So, there’s definitely a competitive edge to HitTailing. The idea is to dominate a conceptual niche. It’s not really to the “exclusion” of your competitors, because that would be too spammy, but it is quite possible to keep corralling your target audience back to your site over and over and over. And it is inevitable that your competition will keep encountering you during their keyword testing, and you are likely to frustrate them to no end. But the real satisfaction is being all over the keyword results they’re not even thinking of testing–but the actual prospective customers ARE.

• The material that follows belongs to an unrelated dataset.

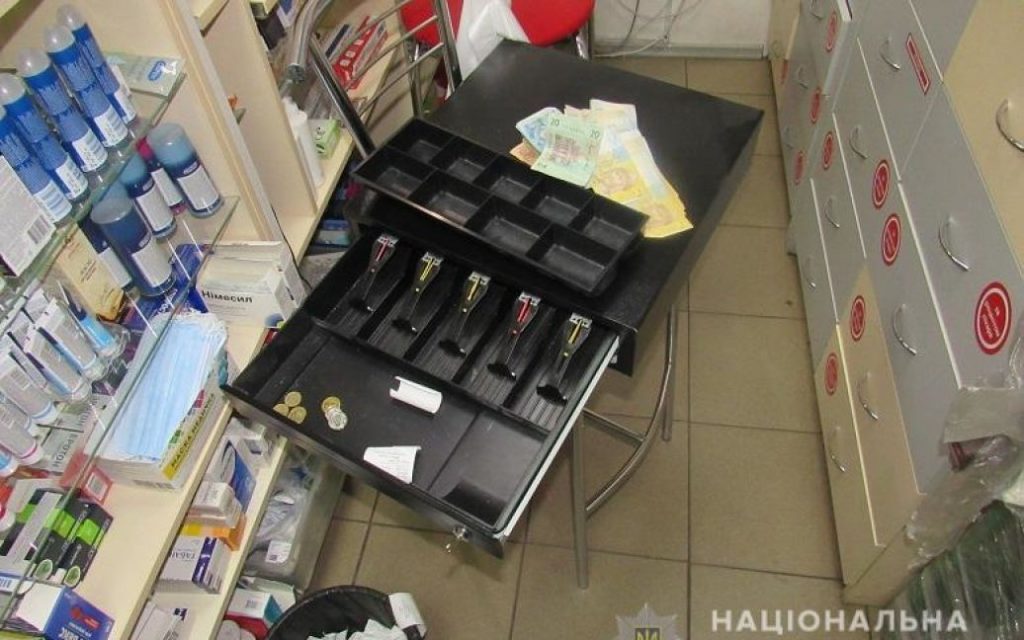 В центре Киева иностранец ограбил аптеку (ФОТО)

When I was first playing around with long tail keyword optimization, it was in an emerging industry with lots of small fish (both in terms of competitors and prospective customers). I started out in a company named Scala which already had a long history in a related space that transitioned very naturally into the emerging industry of digital signage (hanging monitors and cable TV computer channels). But no one knew what the practice of using flat panel TVs as signs was going to be called. It could have been anything from “electronic displays” to “out of home advertising”. It was really wacky the terms that were popping up. One thing I intuitively sensed was that to name the industry in the formative stages was to exert extreme control on the market as it developed.
And so it was true. After I moved on from that company to a NY PR firm, I was contacted by two of my biggest competitors from my previous life in digital signage. I learned exactly how frustrating it was to them how Scala had dominated the conceptual niche of digital signage–no matter what you thought to call it. Blogs weren’t so big at the time, and I simply called my writing “vignettes.” They were micro-stories about how digital signage might be used, and it gave me opportunity to experiment with different names and ideas. Each time I posted, Google promptly picked up the post and my systems suggested new terms. Before long, I not only dominated a conceptual niche, but found myself in the position of shaping it–because all online research led back to me (my writing).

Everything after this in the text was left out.